Un chilometro o 500 metri. Vizio o passione. Patologia o dipendenza. Il gioco è da mesi al centro del dibattito su uno dei più controversi decreti degli ultimi anni. Gli interessi economici di uno dei settori più floridi dell’economia del nostro Paese si scontrano con benpensanti che oppongono eccezioni moralmente condivisibili, ma che troppo spesso sembrano ispirate dal semplice perbenismo conformista e populista. Lungi dal negare il problema, a chi nel mondo del gioco vive quotidianamente ed in modo critico lo affronta giorno per giorno, appare evidente la strumentalizzazione di alcuni argomenti, imbevuti di ideologismi politico religiosi che rischiano di sminuire la reale portata della materia. In vigore dal 19 settembre scorso, il testo finale è stato profondamente modificato rispetto a quello iniziale. Molte le voci sparite per accontentare un po’ tutti, sia i sostenitori dell’Industria del gioco, che i suoi detrattori. Sparito il divieto di pubblicità, ricomparsa la tanto discussa “distanza da luoghi sensibili”, ma con una modifica fondamentale: questa limitazione non riguarderebbe (ad interpretare il testo) le “sale da gioco” (termine depennato dall’Art. 11 comma 5 del Capo II), ma gli “apparecchi idonei al gioco d’azzardo”. Con grande soddisfazione accogliamo la novità: un non espresso ma implicito accoglimento di quella nodale distinzione, reclamata a gran voce, tra gioco d’azzardo e poker sportivo. Un passo fondamentale verso una più equa interpretazione di un mondo tanto complesso quanto controverso che necessita di una disciplina più attenta e approfondita.
In realtà si potrebbe dire: nulla di nuovo sotto il sole. Già nel gennaio di quest’anno era stata pubblicata una sentenza della Sez. III Penale della Corte di Cassazione (n.43679 del 25 novembre 2011), che legittimava “…all’organizzazione di tornei di poker texano che non costituisce gioco d’azzardo, ma attività sportiva come desumibile dal disposto dell’art. 38 della legge n. 248/2006”. Secondo la Corte infatti, a distinguere il Texas Hold’em in modalità torneo dal gioco d’azzardo, c’è la prerogativa di questa disciplina che non consente di “utilizzare il proprio denaro per effettuare puntate”, dal momento che i giocatori sono “dotati di un monte gettoni (dal valore puramente nominale) di partenza uguale per tutti”.
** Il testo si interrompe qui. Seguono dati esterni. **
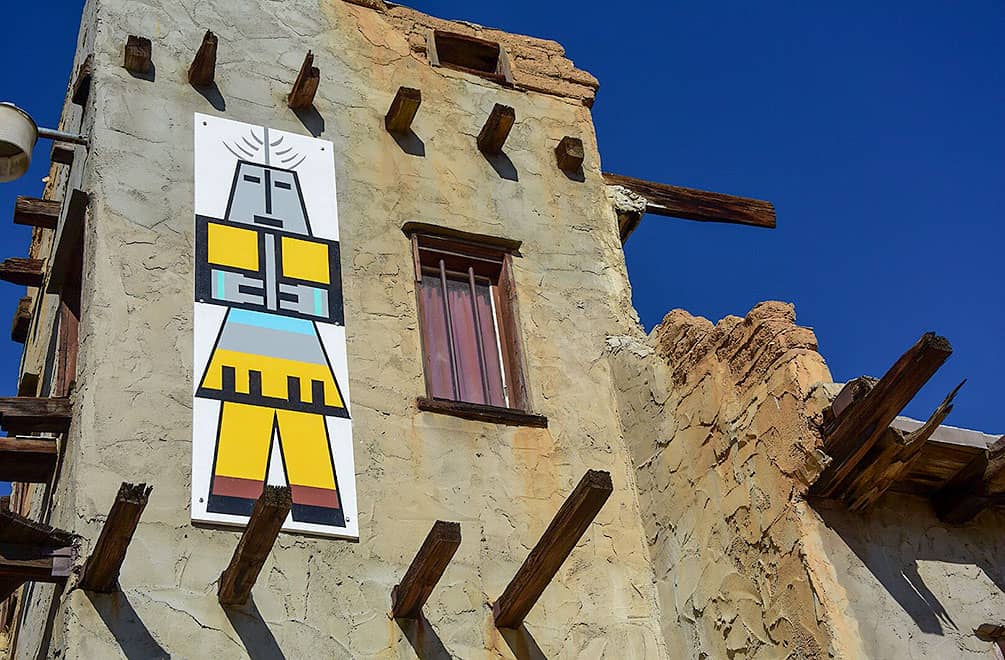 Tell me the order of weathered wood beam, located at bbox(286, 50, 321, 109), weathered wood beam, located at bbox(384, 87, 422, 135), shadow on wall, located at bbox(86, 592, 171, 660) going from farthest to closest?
weathered wood beam, located at bbox(384, 87, 422, 135) < weathered wood beam, located at bbox(286, 50, 321, 109) < shadow on wall, located at bbox(86, 592, 171, 660)

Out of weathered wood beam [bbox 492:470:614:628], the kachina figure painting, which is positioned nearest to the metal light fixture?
the kachina figure painting

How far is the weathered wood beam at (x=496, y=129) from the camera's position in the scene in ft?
29.7

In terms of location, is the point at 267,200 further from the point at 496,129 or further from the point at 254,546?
the point at 254,546

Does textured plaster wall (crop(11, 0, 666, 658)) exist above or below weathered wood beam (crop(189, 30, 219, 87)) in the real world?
below

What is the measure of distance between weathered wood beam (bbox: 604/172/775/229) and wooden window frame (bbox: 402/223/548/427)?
5.18 ft

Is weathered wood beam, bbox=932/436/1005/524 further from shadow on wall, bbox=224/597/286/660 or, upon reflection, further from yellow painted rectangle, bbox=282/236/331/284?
yellow painted rectangle, bbox=282/236/331/284

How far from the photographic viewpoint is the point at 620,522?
7758 mm

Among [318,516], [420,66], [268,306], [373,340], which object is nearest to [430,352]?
[373,340]

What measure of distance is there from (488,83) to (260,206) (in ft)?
8.44

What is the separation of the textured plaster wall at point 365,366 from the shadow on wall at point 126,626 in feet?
0.04

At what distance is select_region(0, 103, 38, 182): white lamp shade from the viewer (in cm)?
676

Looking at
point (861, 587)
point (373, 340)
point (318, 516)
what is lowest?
point (861, 587)

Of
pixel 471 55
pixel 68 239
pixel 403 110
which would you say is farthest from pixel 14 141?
pixel 471 55

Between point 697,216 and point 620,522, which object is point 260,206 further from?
point 697,216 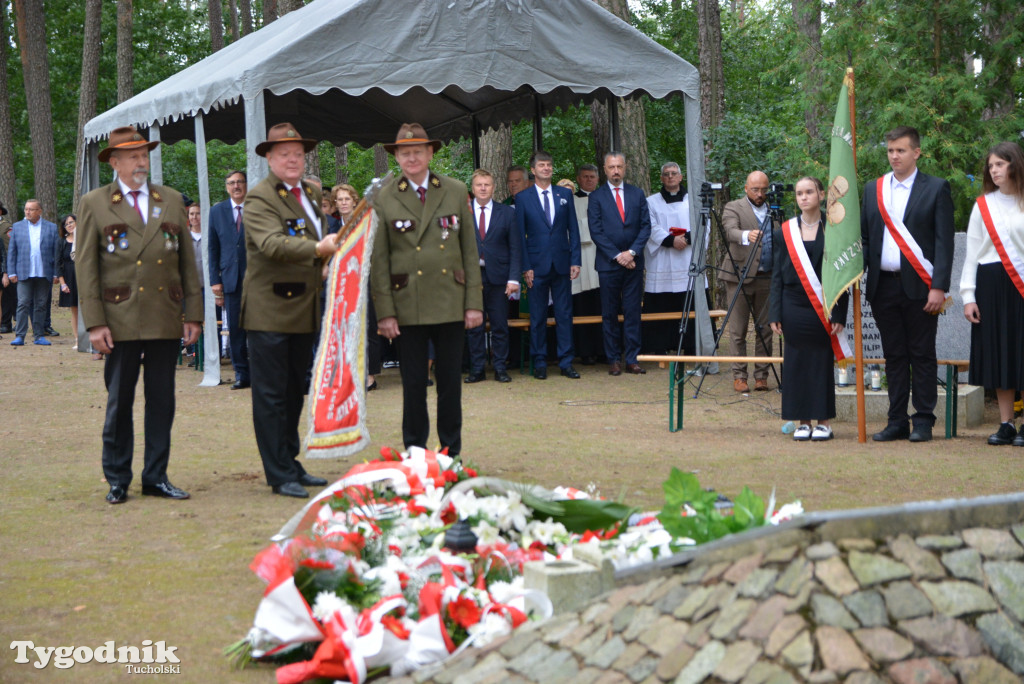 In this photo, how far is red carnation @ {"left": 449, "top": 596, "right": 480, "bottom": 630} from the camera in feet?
13.7

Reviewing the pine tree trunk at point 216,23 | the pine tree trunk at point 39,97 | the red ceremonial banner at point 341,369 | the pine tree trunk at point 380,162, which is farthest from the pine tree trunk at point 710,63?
the red ceremonial banner at point 341,369

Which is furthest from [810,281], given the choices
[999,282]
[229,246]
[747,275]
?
[229,246]

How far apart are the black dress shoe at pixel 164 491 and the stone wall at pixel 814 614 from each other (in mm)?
3250

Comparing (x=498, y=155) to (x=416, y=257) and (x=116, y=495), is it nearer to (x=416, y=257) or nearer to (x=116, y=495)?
(x=416, y=257)

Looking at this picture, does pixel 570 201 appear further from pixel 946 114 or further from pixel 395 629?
pixel 395 629

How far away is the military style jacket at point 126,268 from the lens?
6.56 metres

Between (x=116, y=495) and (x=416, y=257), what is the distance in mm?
2139

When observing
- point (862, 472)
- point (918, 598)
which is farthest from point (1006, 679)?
point (862, 472)

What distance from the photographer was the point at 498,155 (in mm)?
16375

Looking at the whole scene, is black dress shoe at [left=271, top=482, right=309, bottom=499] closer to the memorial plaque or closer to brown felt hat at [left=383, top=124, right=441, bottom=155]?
brown felt hat at [left=383, top=124, right=441, bottom=155]

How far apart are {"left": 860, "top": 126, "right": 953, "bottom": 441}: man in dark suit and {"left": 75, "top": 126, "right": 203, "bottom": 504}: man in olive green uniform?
457 centimetres

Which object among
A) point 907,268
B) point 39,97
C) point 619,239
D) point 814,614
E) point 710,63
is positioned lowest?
point 814,614

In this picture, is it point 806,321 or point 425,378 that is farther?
point 806,321

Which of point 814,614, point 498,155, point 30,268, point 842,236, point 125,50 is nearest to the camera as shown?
point 814,614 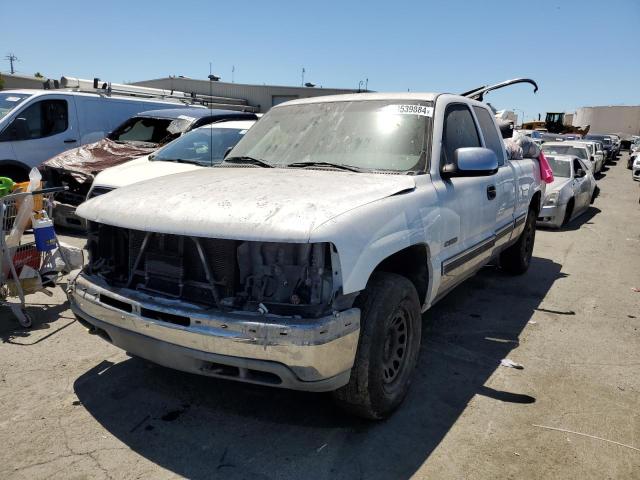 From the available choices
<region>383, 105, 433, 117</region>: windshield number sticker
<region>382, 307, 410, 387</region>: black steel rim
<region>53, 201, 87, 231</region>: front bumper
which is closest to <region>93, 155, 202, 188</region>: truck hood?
<region>53, 201, 87, 231</region>: front bumper

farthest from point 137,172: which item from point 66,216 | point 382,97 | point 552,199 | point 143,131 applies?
point 552,199

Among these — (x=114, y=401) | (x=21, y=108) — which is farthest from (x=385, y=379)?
(x=21, y=108)

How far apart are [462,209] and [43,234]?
3547mm

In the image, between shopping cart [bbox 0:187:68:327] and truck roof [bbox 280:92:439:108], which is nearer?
truck roof [bbox 280:92:439:108]

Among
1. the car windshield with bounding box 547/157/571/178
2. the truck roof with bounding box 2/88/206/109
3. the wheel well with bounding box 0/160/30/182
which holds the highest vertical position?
the truck roof with bounding box 2/88/206/109

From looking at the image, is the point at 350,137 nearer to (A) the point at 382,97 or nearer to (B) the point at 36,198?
(A) the point at 382,97

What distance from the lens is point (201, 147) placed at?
24.9 ft

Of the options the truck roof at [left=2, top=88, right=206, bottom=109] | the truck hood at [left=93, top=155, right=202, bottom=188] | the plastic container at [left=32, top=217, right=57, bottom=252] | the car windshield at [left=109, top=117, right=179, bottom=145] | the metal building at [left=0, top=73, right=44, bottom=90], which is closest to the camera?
the plastic container at [left=32, top=217, right=57, bottom=252]

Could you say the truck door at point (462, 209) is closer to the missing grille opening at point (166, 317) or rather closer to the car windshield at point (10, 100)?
the missing grille opening at point (166, 317)

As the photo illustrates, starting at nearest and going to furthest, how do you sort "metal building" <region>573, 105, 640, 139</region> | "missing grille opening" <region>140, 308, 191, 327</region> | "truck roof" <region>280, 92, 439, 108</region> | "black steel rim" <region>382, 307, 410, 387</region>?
"missing grille opening" <region>140, 308, 191, 327</region>, "black steel rim" <region>382, 307, 410, 387</region>, "truck roof" <region>280, 92, 439, 108</region>, "metal building" <region>573, 105, 640, 139</region>

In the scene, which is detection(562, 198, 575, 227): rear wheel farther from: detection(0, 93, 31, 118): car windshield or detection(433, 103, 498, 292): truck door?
detection(0, 93, 31, 118): car windshield

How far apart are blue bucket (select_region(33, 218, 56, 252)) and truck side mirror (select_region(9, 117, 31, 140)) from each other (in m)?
5.27

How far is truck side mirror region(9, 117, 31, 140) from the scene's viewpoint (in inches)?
345

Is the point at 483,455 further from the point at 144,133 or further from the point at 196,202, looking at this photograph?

“Lo scopo del gioco – continua la Corte argomentando le motivazioni della sentenza – è riuscire ad accumulare tutti i gettoni in gioco. È eliminato il giocatore che vede ridotti a zero i propri gettoni, mentre chi riuscirà a impossessarsi di tutti, o comunque del maggior numero di gettoni degli avversari, sarà il vincitore della partita. L’esito della vittoria finale è remunerato … in via subordinata con un premio generalmente in natura e la cui rilevanza, a seconda del numero dei partecipanti, può suscitare anche un obiettivo interesse ma che rimane secondario rispetto al valore della vittoria in sé…”
Ciò che questa storica sentenza coglie in modo impeccabile (anche se forse accidentale) è lo spirito sportivo e competitivo del poker in modalità torneo, in cui l’obiettivo principale è la vittoria in se stessa, finalizzata magari “all’incremento del punteggio personale su base provinciale, regionale e nazionale”, come avviene per le classifiche del nostro People’s Poker Tour, e in seconda istanza al puro e semplice lucro.
Il poker è e rimane un gioco e, in quanto tale, deve essere prima di tutto un divertimento, uno splendido passatempo. Volerne fare una fonte di reddito non è sbagliato né biasimabile, ma non deve farci perde di vista lo spirito che lo anima.
Forse non dovrebbe essere una sentenza della Corte di Cassazione a ricordarcelo, ma molto spesso veniamo riportati sulla retta via da chi non ci aspetteremmo mai che lo facesse.